··· RECORDS FOR THIS TASK ···
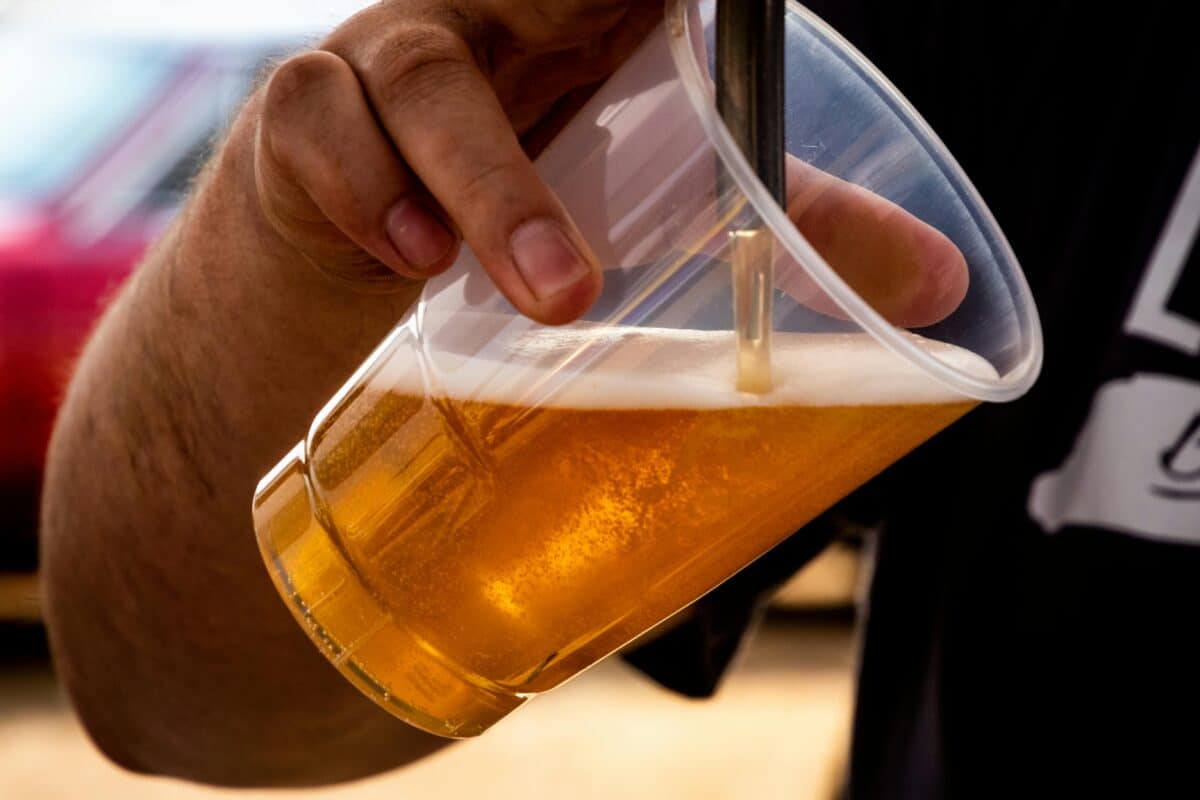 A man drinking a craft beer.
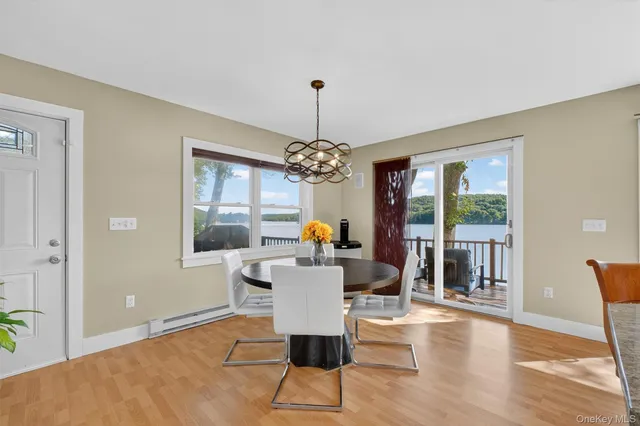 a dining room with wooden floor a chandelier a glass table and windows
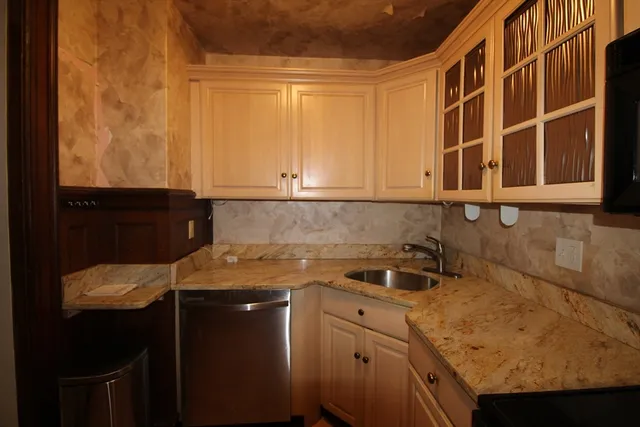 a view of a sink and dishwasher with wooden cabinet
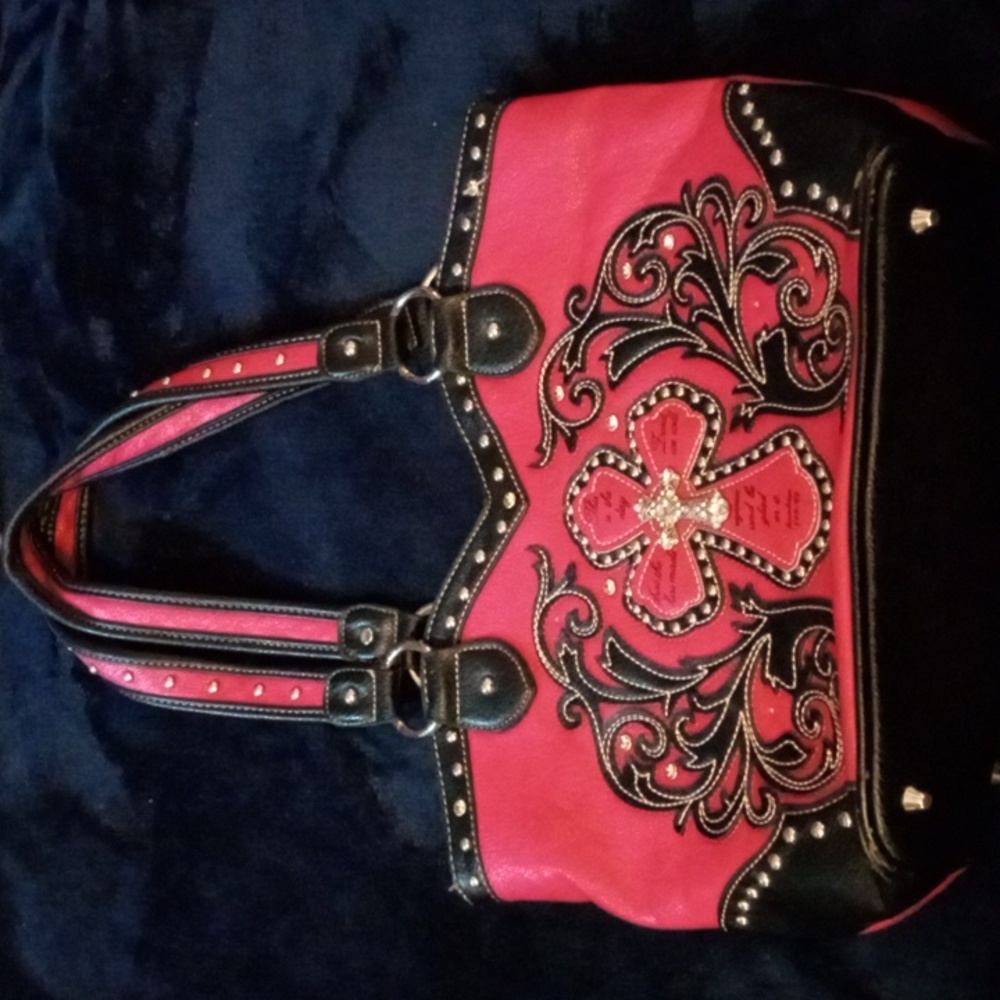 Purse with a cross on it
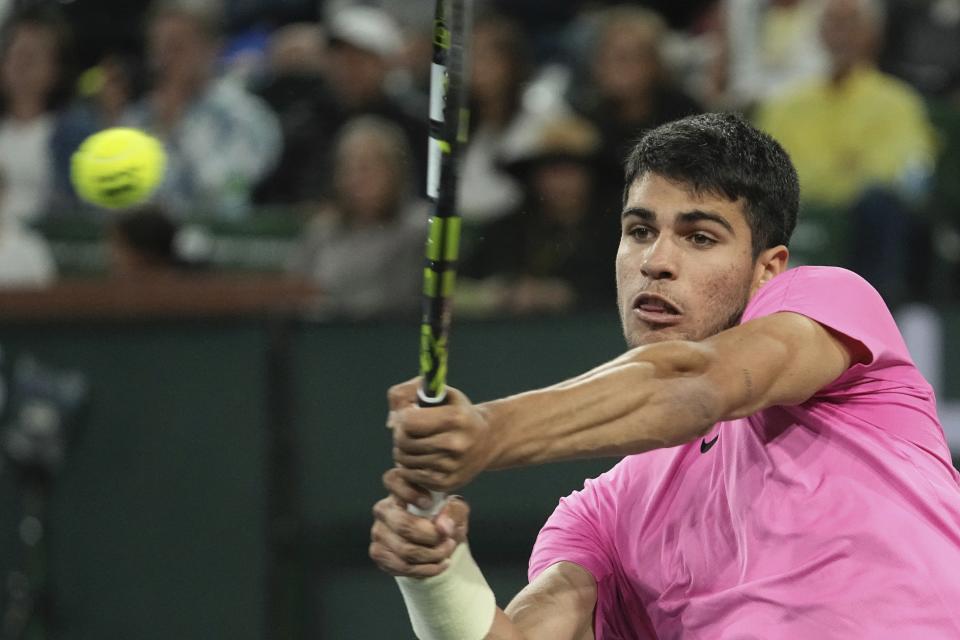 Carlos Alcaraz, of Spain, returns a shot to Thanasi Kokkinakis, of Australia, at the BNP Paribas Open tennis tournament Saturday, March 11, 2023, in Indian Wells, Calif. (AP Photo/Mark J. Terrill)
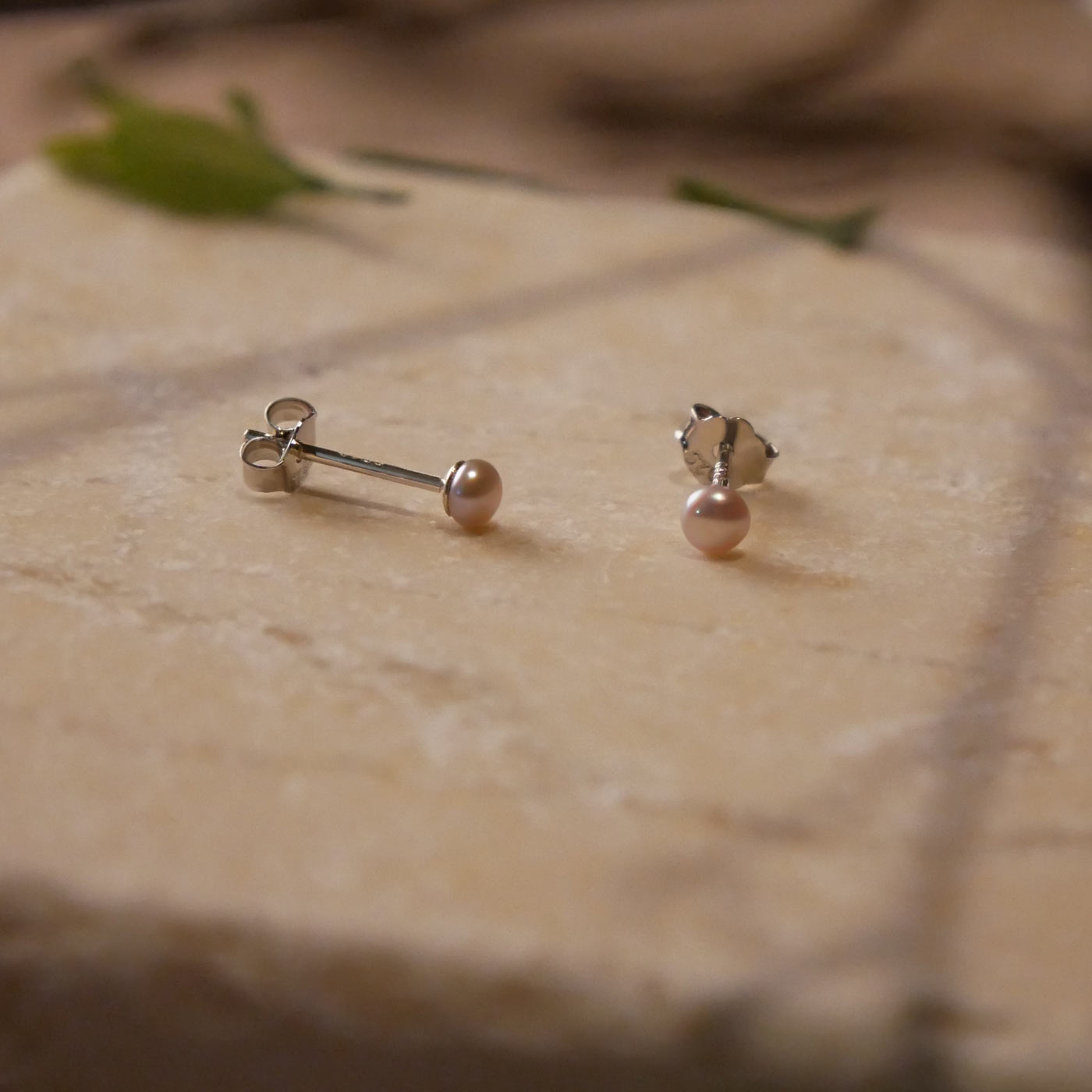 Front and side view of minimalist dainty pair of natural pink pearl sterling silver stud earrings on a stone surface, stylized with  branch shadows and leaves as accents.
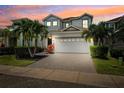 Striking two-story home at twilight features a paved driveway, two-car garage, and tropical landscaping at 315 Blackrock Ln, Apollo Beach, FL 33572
···
### WORK INSTRUCTION:
Everything in the entries above, apart from the images, should be printed exactly.

### EXPECTED ANSWER:
 A man drinking a craft beer.
 a dining room with wooden floor a chandelier a glass table and windows
 a view of a sink and dishwasher with wooden cabinet
 Purse with a cross on it
 Carlos Alcaraz, of Spain, returns a shot to Thanasi Kokkinakis, of Australia, at the BNP Paribas Open tennis tournament Saturday, March 11, 2023, in Indian Wells, Calif. (AP Photo/Mark J. Terrill)
 Front and side view of minimalist dainty pair of natural pink pearl sterling silver stud earrings on a stone surface, stylized with  branch shadows and leaves as accents.
 Striking two-story home at twilight features a paved driveway, two-car garage, and tropical landscaping at 315 Blackrock Ln, Apollo Beach, FL 33572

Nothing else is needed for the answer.